Benedetto Patera graba con una camarita amarilla el paso de la figura del Cristo bajo sus pies. Filma justo apoyado en la barandilla de la pasarela de A Laxe. Benedetto, que es de los alrededores de Venecia, no disimula su asombro; su novia, entretanto, teclea en el móvil qué clase de cita con la fe es esta, que no entraba en sus planes cuando aterrizaron en Vigo. "Es espectacular, no conocía esto -confiesa boquiabierto-, se parece a las procesiones del sur de Italia, donde la gente cree mucho en Dios".

En la rotonda frente al centro comercial, abajo, esperan una pareja de mediana edad. Son Nando Fernández y Mariló Justo; desde hace décadas no se pierden una procesión. Él se encomendó hace 29 años al Santísimo cuando le diagnosticaron un cáncer que, como todos los cánceres, inocula el miedo al abismo. "Cuando te pones enfermo como estuve yo, y te dan pocas esperanzas, te aferras a lo que tienes". Casi tres décadas dando gracias, pues, como tantos y tantos otros vigueses que ayer se echaron a la calle en una expresión de agradecimiento, que para muchos es el puntal de su fe.

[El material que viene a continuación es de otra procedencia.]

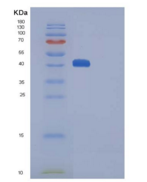 人CTLA4 / CD152重组蛋白His & Fc tag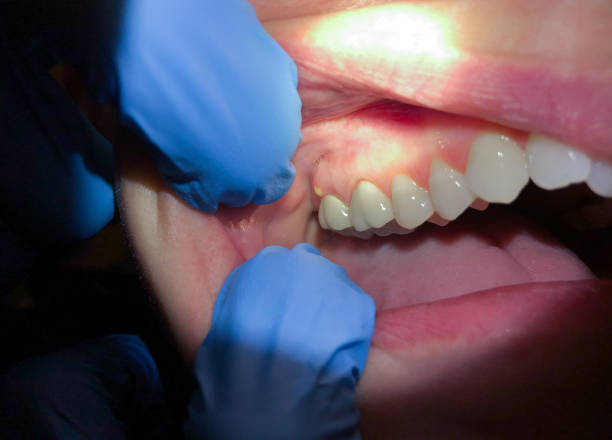 Best Emergency Dentist for Lost Fillings or Crowns in USA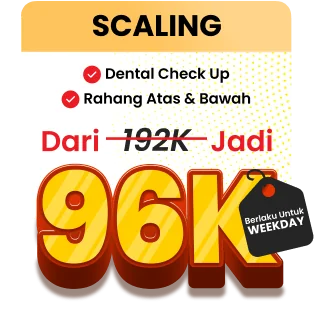 Promo Scaling, Promo Tambal Gigi Belakang, Klinik Gigi Terdekat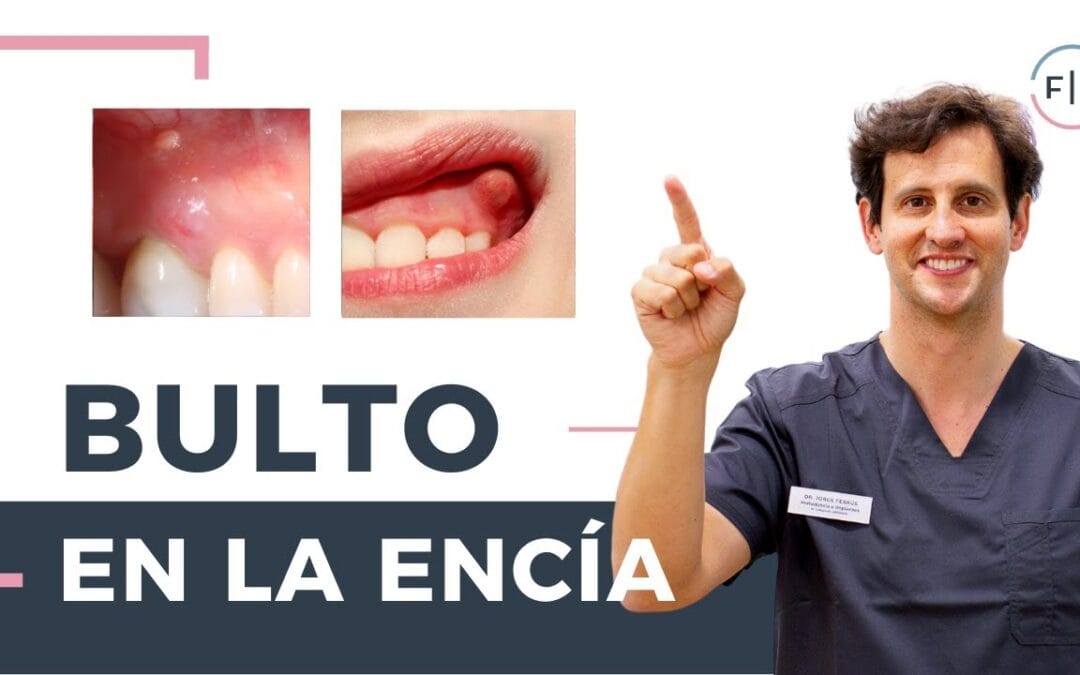 Tengo un “bulto blanco” en la encía: qué puede ser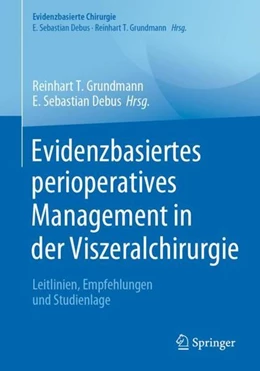 Abbildung von Grundmann / Debus | Evidenzbasiertes perioperatives Management in der Viszeralchirurgie | 1. Auflage | 2021 | beck-shop.de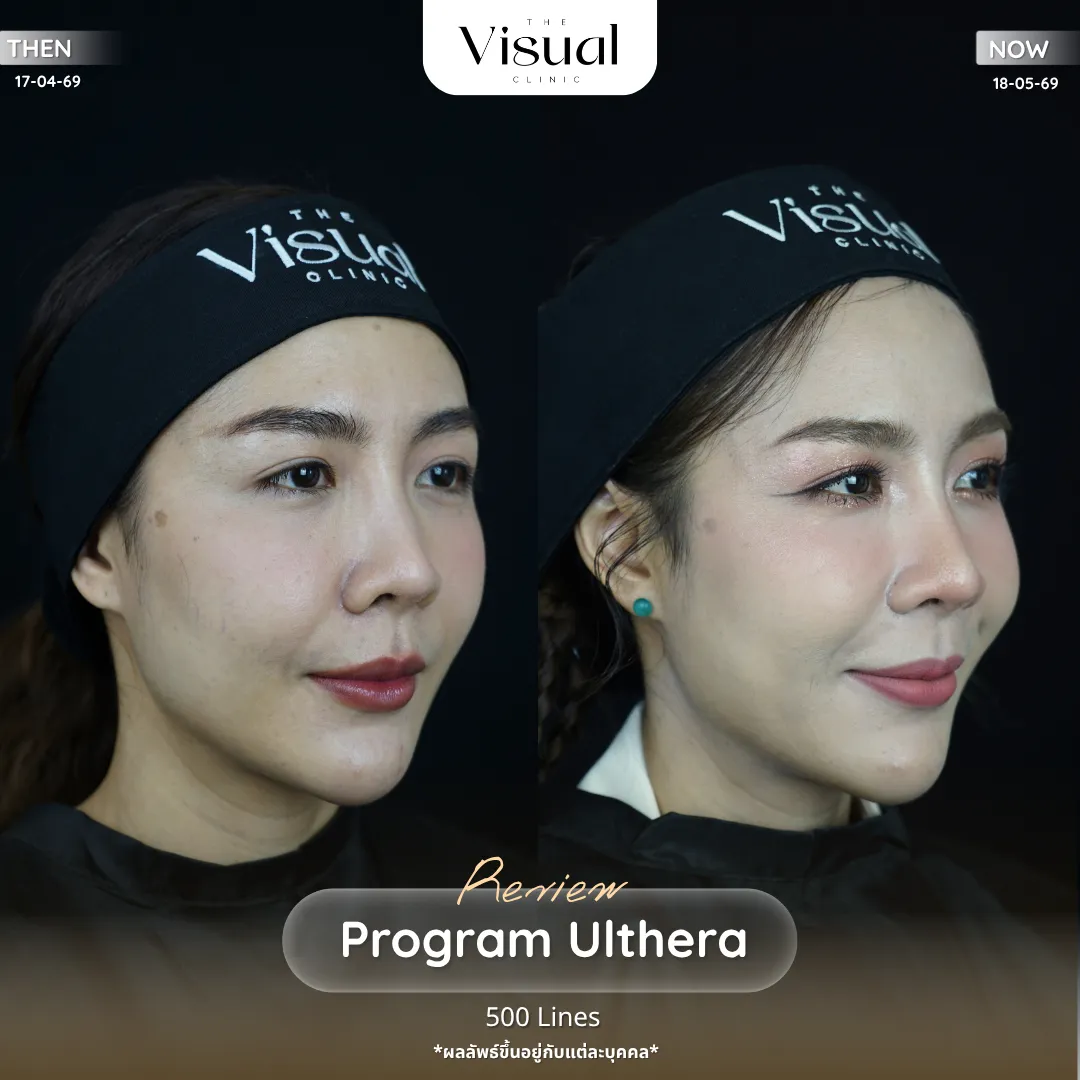 Program Ulthera Prime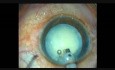 Capsulotomie à l'aide d'une lame de Fugo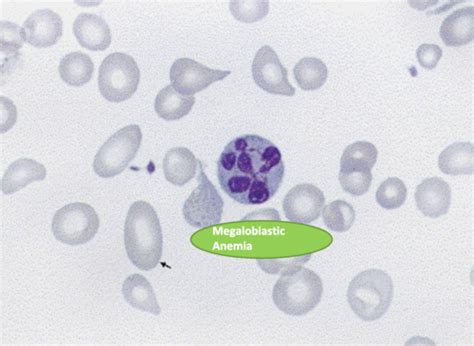 what is the mechanism that causes megaloblastic anemia quizlet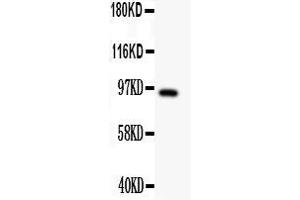 Anti- DISC1 antibody, Western blottingAll lanes: Anti DISC1  at 0. (DISC1 anticorps  (Middle Region))
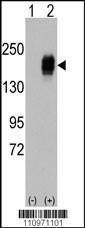 Anti-EGFR Rabbit Polyclonal Antibody (APC (Allophycocyanin))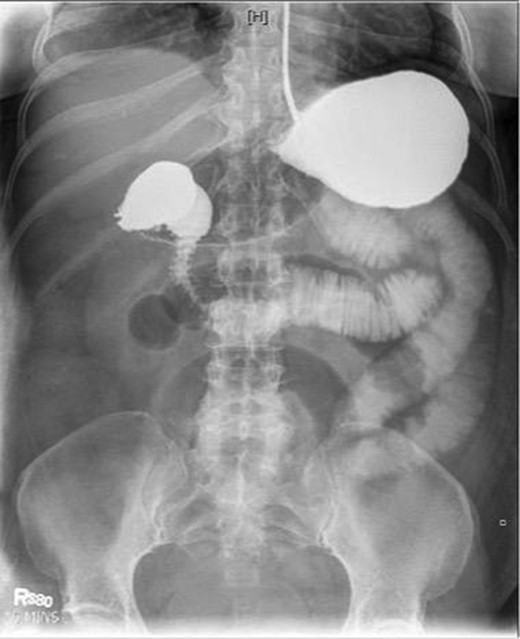 Fluoroscopic barium study demonstrating oral contrast agent progression through the small bowel at 5 min after ingestion.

En Porta do Sol espera Beatriz Rodríguez, que no encaja en el perfil más frecuente de la procesión: melena corta teñida de rosa, piercings, sujeta cuatro velas en las manos y reconoce que acude cada año a acompañar el recorrido del Cristo un poco "por herencia familiar", es decir, costumbre, pero también para pedirle que interceda. Si hay jóvenes que se animan menos, dice, será "por el qué dirán; algunos creo que tienen vergüenza".

Cerca, Carmen Rey y María del Carmen Pereira, debaten sobre ausencias y presencias políticas en la procesión y concluyen que la fe no distingue de "colores". Cerca de ambas, Begoña Lago da gracias por su particular "milagro". Con 14 años, su hija despertó del coma tras un accidente de tráfico un día como ayer, hace muchos años; hoy espera un bebé. "Y yo no creía en nada", cuenta. Desde entonces no ha dejado de hacerlo.